Apparently, the Cougars who prey together stay together.
“No one expected this, and now we’re fighting for the title,” said Palmyra’s fourth-year head coach, John Polly. “At the beginning of the season, we were the hunters. Then we became the hunted. Now we have the bullseye on our back. We’re getting everyone’s best shot, so we have to be on top of our game.”
To a degree they’re still flying very much under the radar, but the Palmyra girls have been one of the feel-good stories of Lebanon County’s winter sports season. It’s a story that revolves around overachieving, coming together and hard work.
With many of their preseason goals still in front of them, the Cougars are currently focused on sharing a Mid-Penn Keystone Division championship with Mechanicsburg. At 15-5 overall and 11-2 in the division, Palmyra can attain that accomplishment with a road win at Red Land on Saturday evening.

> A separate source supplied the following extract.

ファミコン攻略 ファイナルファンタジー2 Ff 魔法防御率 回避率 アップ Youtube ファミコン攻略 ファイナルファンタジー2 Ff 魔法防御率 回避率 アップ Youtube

But there is also the upcoming District Three tournament to consider. Palmyra is currently seeded seventh in an AAAAA classification which takes 14 teams for its playoffs,
“That’s what our focus is right now,” said Polly of the Keystone crown. “It would absolutely be a great accomplishment if we could get there.

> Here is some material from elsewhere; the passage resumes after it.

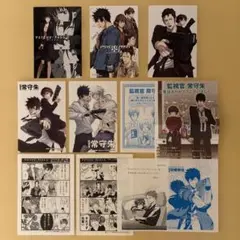 PSYCHO-PASS 新品未開封グッズまとめ売り - メルカリ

“These girls don’t want this to end,” continued Polly. “None of them have made a state tournament. We think that’s within our reach.”

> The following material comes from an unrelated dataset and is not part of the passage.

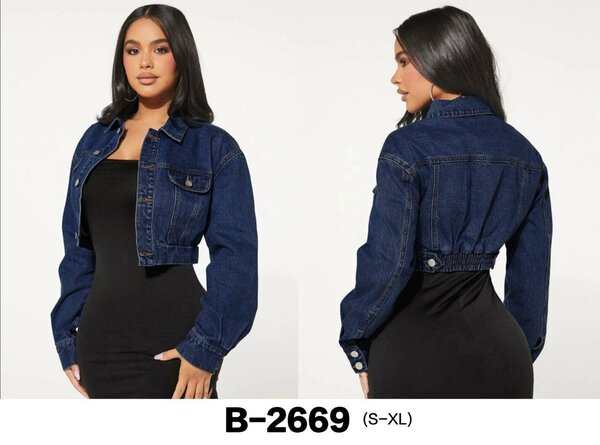 Denim jacket
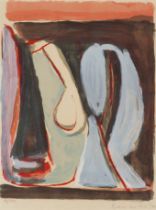 BRAM VAN VELDE (1895-1981) Mason Putman 71, 1971 Lithographie en couleurs. Sign&#233;e et num&#...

What makes the Cougars’ campaign even more remarkable is where they started and how far they’ve come. Palmyra is just a year removed from a disappointing 5-17 season.
“It was frustrating,” said Polly. “We were close last year, but we weren’t quite there. We didn’t want to repeat that. The more we’ve won, you could see the commitment level keep rising. It’s become contagious. They (his players) take the losses hard. Our (coaches’) job is to make sure they’re prepared. There’s still work to be done and a lot of season to be played.
“I wouldn’t say that we’ve overachieved,” Polly added. “I knew we could be pretty good if the chemistry was right, if the girls played for each other. I was cautiously optimistic at the beginning of the season. Once we got rolling, we had to make little tweaks here and there to make it more productive for them.”
A preseason poll of Mid-Penn Keystone Division coaches picked Palmyra to finish sixth in this year’s standings.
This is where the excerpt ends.